Business rating: 3 / 5 stars (Three stars)
Star cast: Jeremy Irvine, Emily Watson, Peter Mullan, Niels Arestrup, David Thewlis, Tom Hiddleston, Benedict Cumberbatch, Toby Kebbell.
What’s Good: The engaging and entertaining script; the performances; the masterful direction; the cinematography.
What’s Bad: The slightly long running time.
Verdict: War Horse is an entertaining drama that’ll do well at the Indian box-office.
Loo break: None really.
Watch or Not?: Definitely watch it for, it’s an excellent human drama
DreamWorks Pictures and Reliance Entertainment’s War Horse is the story of a boy and his horse, who get separated when World War I begins in Europe, but who meet again before the four-year-long war ends.
Albert (Jeremy Irvine) is a young lad who fancies a young horse in his small village in Britain. When his drunkard but hard-working father buys the same horse in an auction, the responsibility of making the horse – whom Albert christens as Joey – plough their field falls on his shoulders. Albert takes up the challenge and proves the impossible, while his whole village is in attendance. However, when their crop – grown on the land that Albert and Joey ploughed – is washed away due to heavy rains, Albert’s father is forced to sell off Joey to a captain (Tom Hiddleston) in the British army to save his family from going bankrupt. Albert doesn’t want to lose his beloved horse and so he wants to join the army to stay close to it. But he can’t as he is underage. Before they part ways, he promises Joey that he will unite with him some day. World War I begins.
From here on, the horse passes hands from the British army to the German army, then to a French family where he is loved by a young girl. The French army, in dire need of horses to pull artillery, confiscates the horse. Finally, the horse escapes and runs through the battlefield to find itself entangled in barbed wire in the middle of no man’s land.
In a surprising turn of events, a British soldier and a German soldier come out of the trenches and free the horse. In a coin toss, the British soldier wins the horse, which then becomes a source of motivation for the war-weary soldiers. How Albert and Joey meet forms the rest of the drama.

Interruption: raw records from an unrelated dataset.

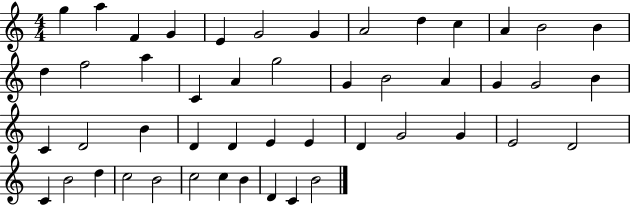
{
  \clef treble
  \numericTimeSignature
  \time 4/4
  \key c \major
  g''4 a''4 f'4 g'4 | e'4 g'2 g'4 | a'2 d''4 c''4 | a'4 b'2 b'4 | \break d''4 f''2 a''4 | c'4 a'4 g''2 | g'4 b'2 a'4 | g'4 g'2 b'4 | \break c'4 d'2 b'4 | d'4 d'4 e'4 e'4 | d'4 g'2 g'4 | e'2 d'2 | \break c'4 b'2 d''4 | c''2 b'2 | c''2 c''4 b'4 | d'4 c'4 b'2 | \break \bar "|."
} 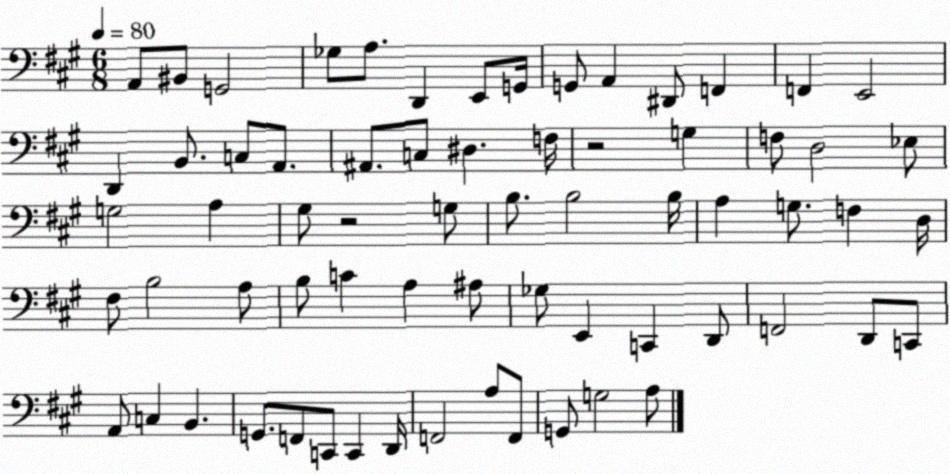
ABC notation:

X:1
T:Untitled
M:6/8
L:1/4
K:A
A,,/2 ^B,,/2 G,,2 _G,/2 A,/2 D,, E,,/2 G,,/4 G,,/2 A,, ^D,,/2 F,, F,, E,,2 D,, B,,/2 C,/2 A,,/2 ^A,,/2 C,/2 ^D, F,/4 z2 G, F,/2 D,2 _E,/2 G,2 A, ^G,/2 z2 G,/2 B,/2 B,2 B,/4 A, G,/2 F, D,/4 ^F,/2 B,2 A,/2 B,/2 C A, ^A,/2 _G,/2 E,, C,, D,,/2 F,,2 D,,/2 C,,/2 A,,/2 C, B,, G,,/2 F,,/2 C,,/2 C,, D,,/4 F,,2 A,/2 F,,/2 G,,/2 G,2 A,/2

War Horse Review: Script Analysis
Lee Hall and Richard Curtis’ screenplay, adapted from a novel of the same name, is very engaging and interesting, in spite of the rather long running time of the film. To their credit, the writers have woven an inspiring and humane screenplay in the middle of one of the most disastrous wars mankind has ever seen. The film starts at Albert’s crisis-riddled home, where Albert learns of his father’s previous valour as a solider of the British army. And it ends at his home, when Albert returns from the war, victorious and with the beloved Joey.
The sequences where Albert and Emilie, the French girl, are training Joey are eminently enjoyable, especially as the bond between the humans and the animal is well-established. Portions where the brave horse is seen taking the place of peril to save another horse, which it had befriended earlier, are moving. Shots in which the horse is shown running through the war-ravaged battlefield are impactful.
The writers have also managed to create characters that are eminently likeable – Albert, Captain Nichols, Emilie, Emilie’s grandfather – all have the audience’s sympathy throughout the film.
On the minus side, the drama drags a little in the latter half though the climax makes up for it.
War Horse Review: Star Performances
Jeremy Irvine does a fine job as Albert. His bonding with the horse is remarkable. Emily Watson (as Albert’s mother) and Peter Mullan (as his father) are just wonderful. Celine Buckens (as Emilie) is adorable. Niels Arestrup (as Emilie’s grandfather) leaves a mark. David Thewlis wins the audience’s hatred for his good performance as the vain landlord, Lyons. Tom Hiddleston (as Captain Nichols) is fine in a short role. Benedict Cumberbatch (as Major Stewart), Nicolas Bro (as Friedrich), David Kross (as Gunther), Leonard Carow (as Michael), Rainer Bock (as Brandt), Patrick Kennedy (as Lieutenant Waverly), Robert Emms (as David Lyons), Toby Kebbell (as Geordie soldier) and others offer very good support.
War Horse Review: Direction & Special Effects
Steven Spielberg’s direction is masterly. In spite of the huge canvas of the film, he keeps the audience focused on the horse’s journey through Europe and the lives of people it comes across. The director draws out very good performances from his cast and makes sure that several scenes and sequences remain with the audiences even after they have left the theatre. John Williams’ background score makes a huge contribution in creating the appropriate mood for the narrative. Janusz Kaminski’s cinematography is brilliant – the shots of the empty English countryside in the first few reels are fantastically photographed. Rick Carter’s production design is of an excellent standard. Editing, by Michael Kahn, is sharp.
War Horse Review: The Last Word
On the whole, War Horse is an excellent drama that entertains. While Steven Spielberg’s name and the numerous Oscar nominations the film has received will help bring in viewers for the film in Indian cities, the lack of well-known stars might prove to be a slight minus point.